Renewable energy curtailment refers to the intentional reduction or restriction of the low-cost output of renewable energy resources even when there is sufficient available demand to absorb the renewable generation. This means that excess low-cost energy that could be generated by renewable resources is intentionally not used or sent to the grid. Rapid growth of renewable energy resources means that curtailment is likely to increase in the future. Understanding and quantifying curtailment has become one of the most common reasons to perform long range system studies such as Production Cost Modeling (PCM) Analysis.
The root-cause of most curtailment events falls into two categories: system-wide oversupply and local curtailment due to transmission line limitations. While true, this does not adequately identify why one unit was ultimately selected for curtailment over another – a concern for renewable developers and in fact anyone with interest in successfully integrating large-scale renewable energy.
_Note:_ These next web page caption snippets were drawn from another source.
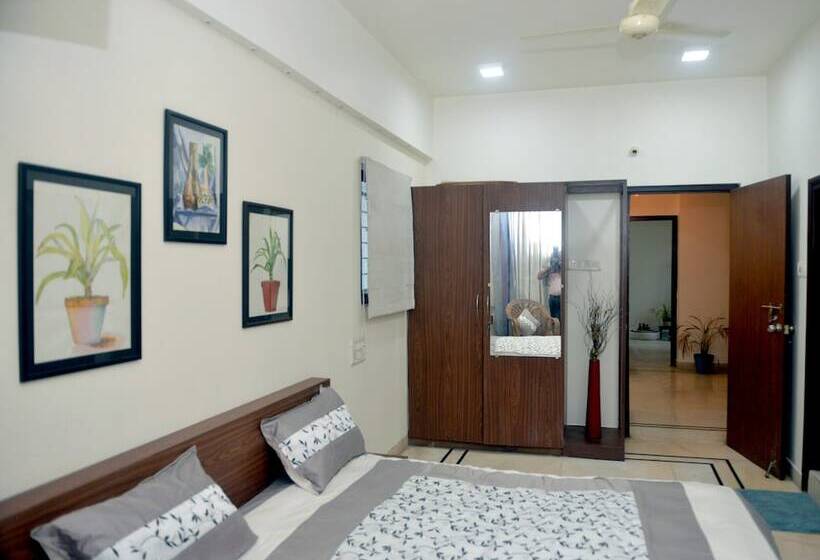 اتاق لوکس, Paradise Homestay Civil Lines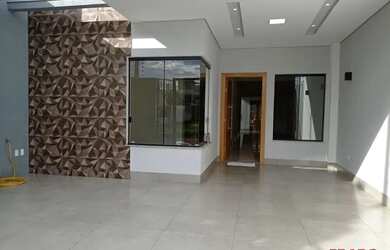 Imagem: A casa possui 3 Dormitórios, 2 Banheiros, 2 Vagas na garagem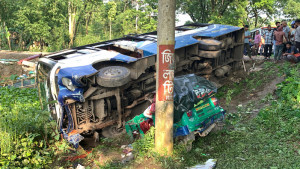 হাসপাতালে যাওয়া হলো না বাবা, দুই মেয়ে ও জামাতার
Three elements must be considered to adequately assess a plant’s specific reason for curtailment:
Root cause: identification of the oversupply scenario – system-wide oversupply or local oversupply due to transmission congestion
Location: Electrical relationship of the specific facility being curtailed versus other facilities, for the root cause determined
Economics: Regardless of the technical condition requiring renewable energy to be dispatched down, economics in the form of offer prices per generator will ultimately be a coincidental deciding factor in curtailment.
In the context of long-term PCM analysis – and in most day-ahead market circumstances – we offer that all curtailment results from an often complex combination of factors. A true analysis of plant-level curtailment requires a deep dive into offer price of competing resources (generator bids) as well as level of impact they have on the root-cause requiring curtailment.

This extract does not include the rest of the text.